Save and restore DataFrame, and serialize()/deserialize()


#1

dear j wizardsβ€”is there a mechanism to save and restore a DataFrame in binary format to disk, with all type information? serialize() and deserialize() do not work for DataFrame in DataFrames.jl 0.11.5 .

incidentally, serialize() and deserialize() only have an iostream but not a filename based interface. would be nice to be built in and easy to implement.

regards, /iaw


#2

#3

Also worth trying: https://github.com/MikeInnes/BSON.jl


#4

JLD2 seems to work:

julia> using DataFrames

julia> df = DataFrame(A = [1,2,3], B=[1.0, 2.0, 3.0], C=["1", "2", "3"])
3Γ—3 DataFrames.DataFrame
β”‚ Row β”‚ A β”‚ B   β”‚ C   β”‚
β”œβ”€β”€β”€β”€β”€β”Όβ”€β”€β”€β”Όβ”€β”€β”€β”€β”€β”Όβ”€β”€β”€β”€β”€β”€
β”‚ 1   β”‚ 1 β”‚ 1.0 β”‚ "1" β”‚
β”‚ 2   β”‚ 2 β”‚ 2.0 β”‚ "2" β”‚
β”‚ 3   β”‚ 3 β”‚ 3.0 β”‚ "3" β”‚

Save:

julia> using JLD2

julia> jldopen("df.jld2", "w") do file
         file["df"] = df
       end;

Load:

julia> jldopen("df.jld2") do file
           file["df"]
       end
3Γ—3 DataFrames.DataFrame
β”‚ Row β”‚ A β”‚ B   β”‚ C   β”‚
β”œβ”€β”€β”€β”€β”€β”Όβ”€β”€β”€β”Όβ”€β”€β”€β”€β”€β”Όβ”€β”€β”€β”€β”€β”€
β”‚ 1   β”‚ 1 β”‚ 1.0 β”‚ "1" β”‚
β”‚ 2   β”‚ 2 β”‚ 2.0 β”‚ "2" β”‚
β”‚ 3   β”‚ 3 β”‚ 3.0 β”‚ "3" β”‚

#5

Feather is also quite nice, and is a standard format that is also available in other languages. I have a PR to it which drastically speeds it up and offers some really nice random access features. I think it is having to wait on some other things in the ecosystem to mature a little, but I hope to get it merged at some point in the not so distant future. The existing master should work fine though.


#6

thanks, everyone.
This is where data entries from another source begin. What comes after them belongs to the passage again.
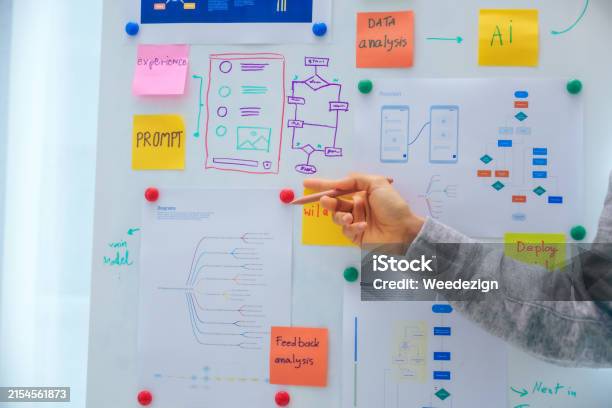 Developer Team Present Project Interface Design With Board And Solving ...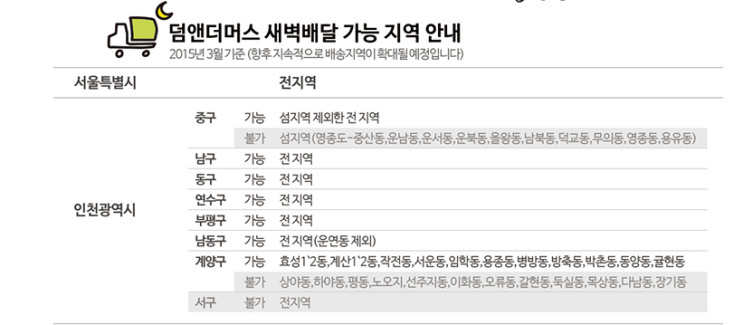  힐링메뉴의 반찬! 어떻게 배달될까요? 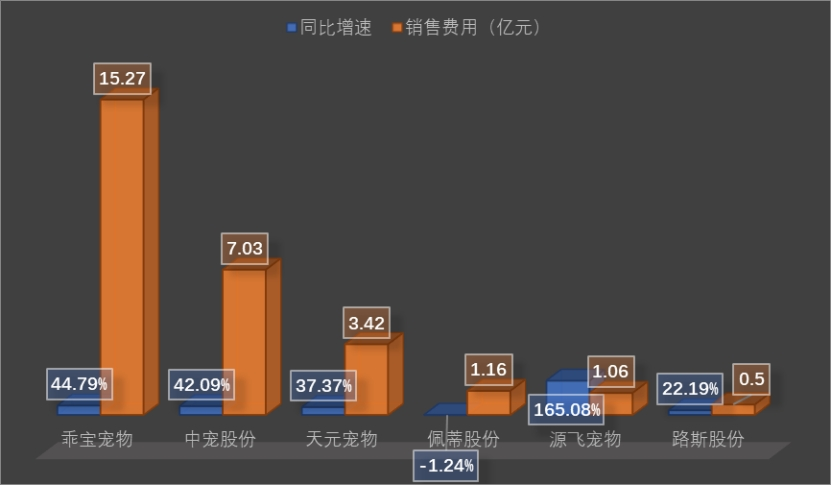 2025年，A股寵物食品板塊6家上市公司的銷售費用情況。新京報貝殼財經記者閻俠 製圖
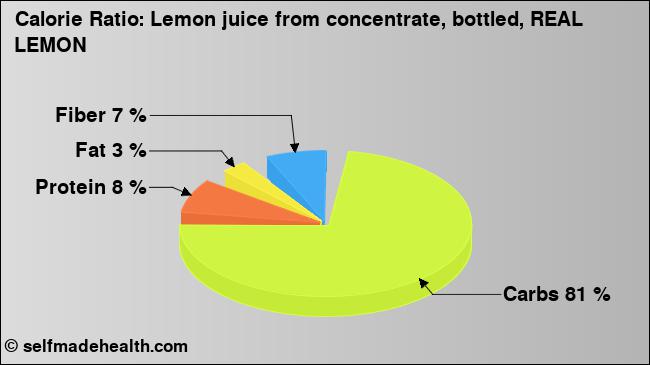 Calorie ratio: Lemon juice from concentrate, bottled, REAL LEMON (chart, nutrition data)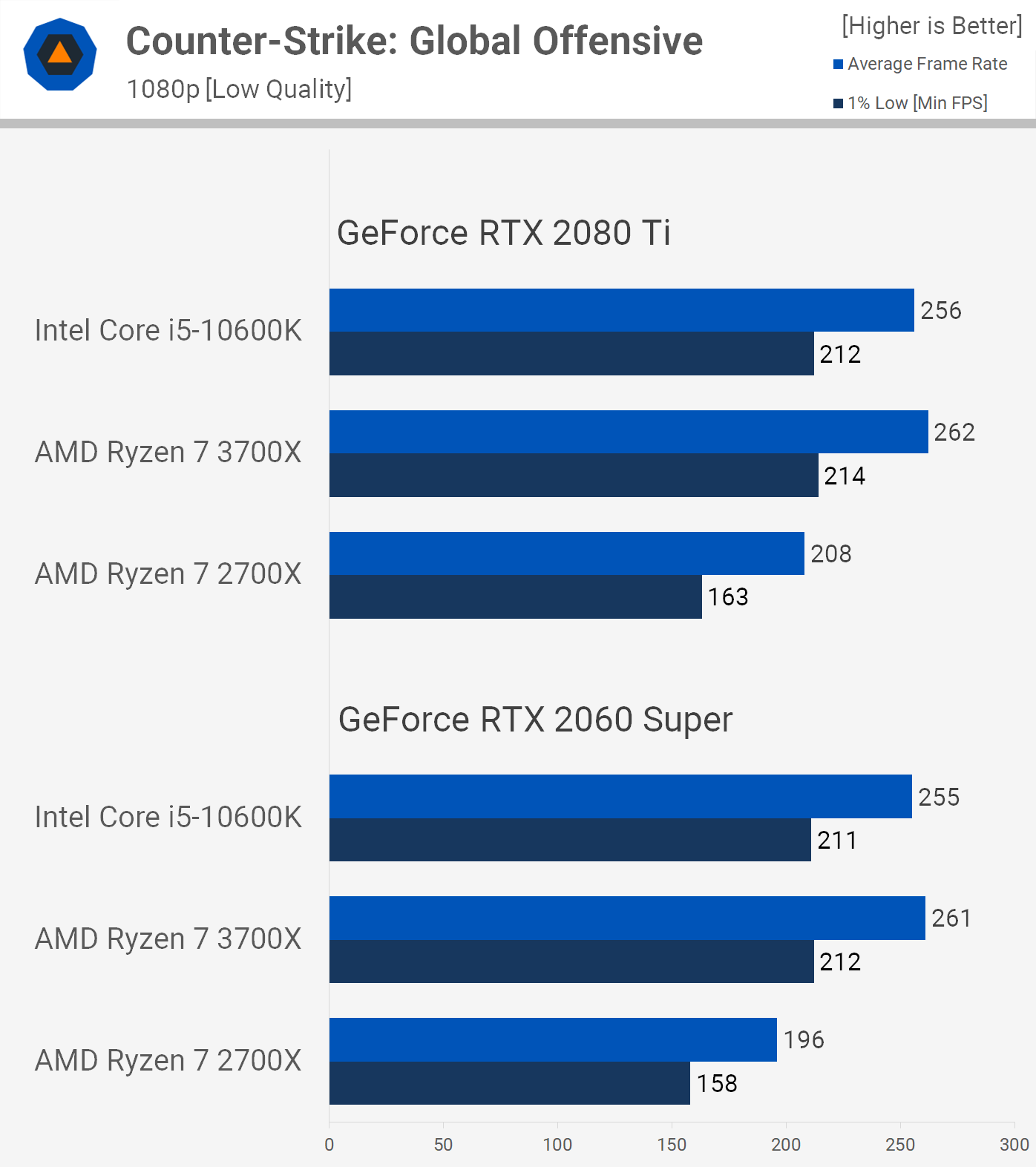 Ryzen 7 2700X vs. Ryzen 7 3700X High Refresh Gaming Comparison TechSpot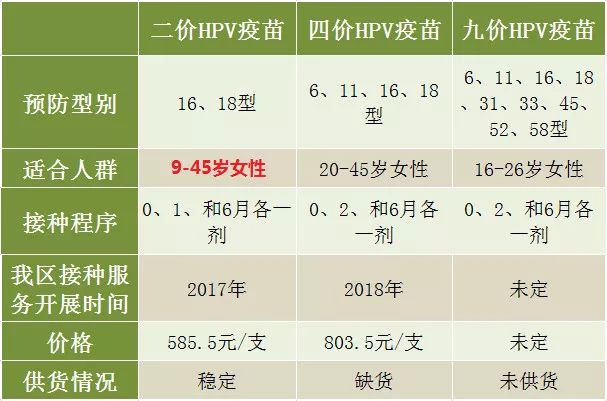 目前,我市已開展二價及四價hpv疫苗接種服務,另有九價hpv疫苗尚未在我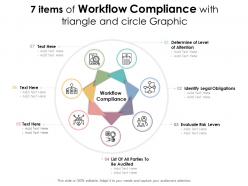 7 items of workflow compliance with triangle and circle graphic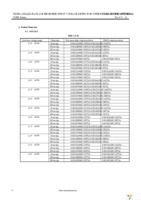 S-80122CLMC-JIHT2G Page 4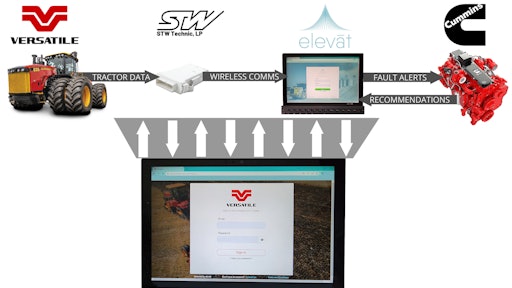 This infographic demonstrates the end-to-end transmission of data, from the smart fault detection through the actionable insights provided to Versatile dealers, owners and fleet managers via the Versatile CBX portal, a customized Elevāt portal environment.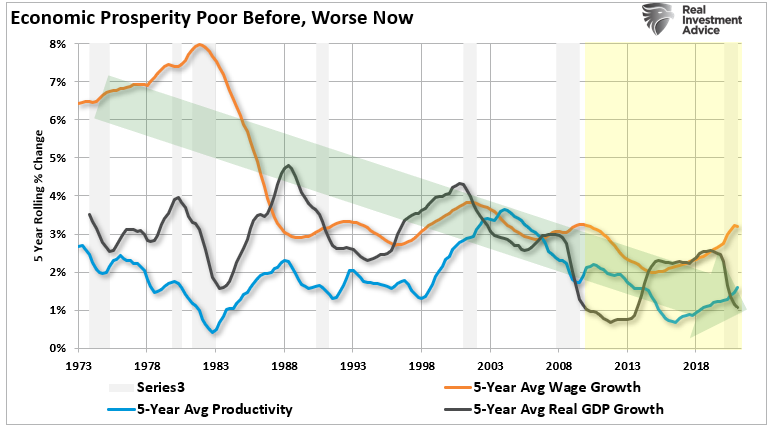 Shortest Recession In History, #MacroView: Shortest Recession In History Sets Up Next Recession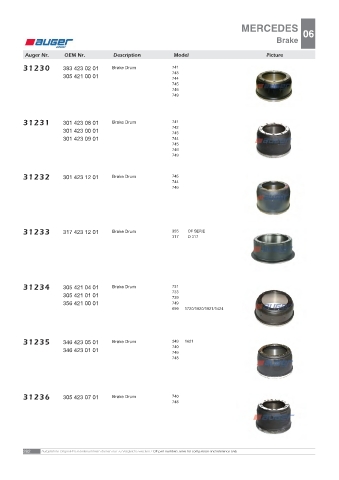 AUGER for trucks MERCEDES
I think the *SON formats lose type information.

JLD2 looks good. alas, is this specialized and possibly slower overkill? (it seems designed as an interchange format, rather than as a β€œnative” representation.)

Would it not be desirable/easy(?) to have a standard function, like serialize (or extend serialize), that is the generic equivalent of copy() (or deepcopy()), that would binary-write the full internal julia object representation to disk rather than to another memory location? (Could it then be read again?) . I do not know the julia internals, so this may be an absurd and ignorant suggestion.
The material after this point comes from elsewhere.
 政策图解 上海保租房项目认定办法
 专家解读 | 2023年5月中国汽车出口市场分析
related question: Is it possible to read back and evaluate the output of dump()?

regards,

/iaw


#7

Isn’t that exactly what serialize already does?

julia> serialize(open("my_data", "w"), df)

julia> deserialize(open("my_data"))
3Γ—3 DataFrames.DataFrame
β”‚ Row β”‚ A β”‚ B   β”‚ C   β”‚
β”œβ”€β”€β”€β”€β”€β”Όβ”€β”€β”€β”Όβ”€β”€β”€β”€β”€β”Όβ”€β”€β”€β”€β”€β”€
β”‚ 1   β”‚ 1 β”‚ 1.0 β”‚ "1" β”‚
β”‚ 2   β”‚ 2 β”‚ 2.0 β”‚ "2" β”‚
β”‚ 3   β”‚ 3 β”‚ 3.0 β”‚ "3" β”‚

The disadvantage of serialize is that it’s doing exactly as you suggest and writing a fairly literal dump of Julia’s model of an object to disk. That means that loading that file on a different Julia version is likely to be impossible.

JLD2, JSON, BSON, Feather, etc. all use widely-supported formats so that it’s more likely you can read your data in the future or in another language. As for performance, despite the fact that it’s not as literal as serialize, JLD2 is quite fast, and Simon showed in his JuliaCon 2017 presentation that JLD2 can even be faster than Julia’s built-in serialize in some cases: https://www.youtube.com/watch?v=qc0dw-cAmLY

I would suggest trying out one of the approaches and measuring the performance for yourself. As for reading the output of dump(),you could write one, but I would not recommend it. There’s no guarantee that dump() prints something that you could eval (it generally doesn’t) and there’s no guarantee that type you’re using has a constructor that matches the way data is printed by dump(). It really doesn’t seem worthwhile.


#8

thx, rdeits. embarrassingly, I had omitted the first argument to serialize, and then misinterpreted the resulting error as serialize not being able to work on dataframes.

I was also surprised about your sticking the open into the first argument. interesting. does it flush and close the file at IOStream() destruction time?

regards,

/iaw


#9

does it flush and close the file at IOStream() destruction time?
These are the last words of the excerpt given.